What you have to do: Begin at the line containing "Soft Storage Box- 18.5" in the entries below and end at the line containing "BIC® 4 Couleurs Fluo Bille"; transcribe that range exactly and nothing outside it.

Records shown:
········

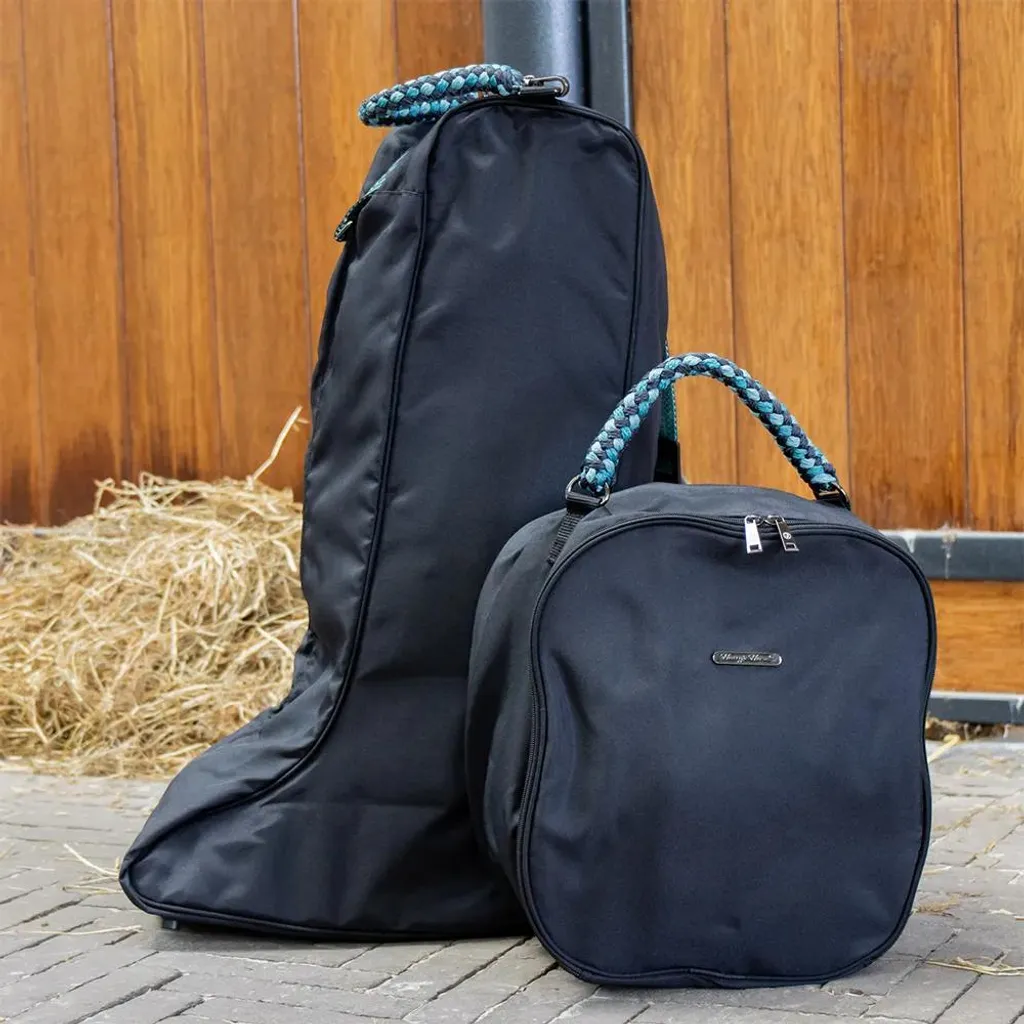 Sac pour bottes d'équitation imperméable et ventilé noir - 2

········

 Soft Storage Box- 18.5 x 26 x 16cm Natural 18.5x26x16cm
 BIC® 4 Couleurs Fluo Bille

········

Exercise output:
 Soft Storage Box- 18.5 x 26 x 16cm Natural 18.5x26x16cm
 BIC® 4 Couleurs Fluo Bille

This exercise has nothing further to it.